2 listopada do polskiego Ministerstwa Spraw Zagranicznych został wezwany Chargé d’affaires Republiki Białorusi p. Aleksander Czesnowski. Został przyjęty przez Sekretarza Stanu prof. Piotra Wawrzyka. Rozmowa dotyczyła wtargnięcia na terytorium Polski z terytorium Republiki Białorusi niezidentyfikowanych, umundurowanych osób uzbrojonych w broń długą. Incydent miał miejsce w nocy z 1 na 2 listopada.

Wiceminister Wawrzyk przekazał stronie białoruskiej stanowczy protest wobec naruszenia polskiej granicy państwowej, podkreślając, że działania podejmowane w ostatnich tygodniach przez władze Białorusi noszą coraz bardziej wyraźne znamiona celowej eskalacji. Wiceszef polskiej dyplomacji zaznaczył, że tego typu działania są nie do przyjęcia przez stronę polską i nie będą przez nią akceptowane. Podkreślił, że Polska jest zdeterminowana, by chronić własne granice oraz granice zewnętrzne Unii Europejskiej. Przekazał także, że wspólnie z całą społecznością demokratycznych państw wspólnoty euroatlantyckiej będziemy konsekwentnie przeciwstawiać się zorganizowanej przez Mińsk nielegalnej migracji. Wiceminister zapowiedział skierowanie do MSZ Republiki Białorusi noty protestacyjnej oraz wezwał stronę białoruską do natychmiastowego wyjaśnienia incydentu.
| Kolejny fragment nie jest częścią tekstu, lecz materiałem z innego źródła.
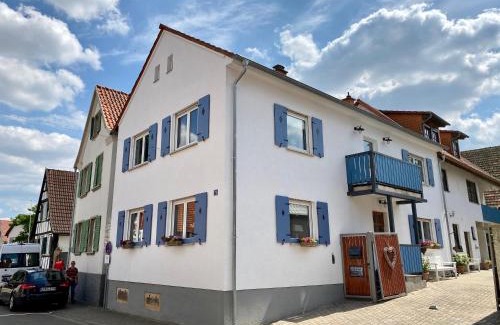 Heuchelheim-Klingen Apartment | Family-Friendly Gästehaus Sellemols Ferienhaus Winzer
Minister Obrony Narodowej zamieścił w czwartek w mediach społecznościowych wpis mówiący o tym, że "kryzys na granicy spowodował reżim Łukaszenki. Białorusini każdego dnia dążą do eskalacji, stosują prowokacje i przepychają migrantów na polską stronę" - napisał Mariusz Błaszczak na twitterze.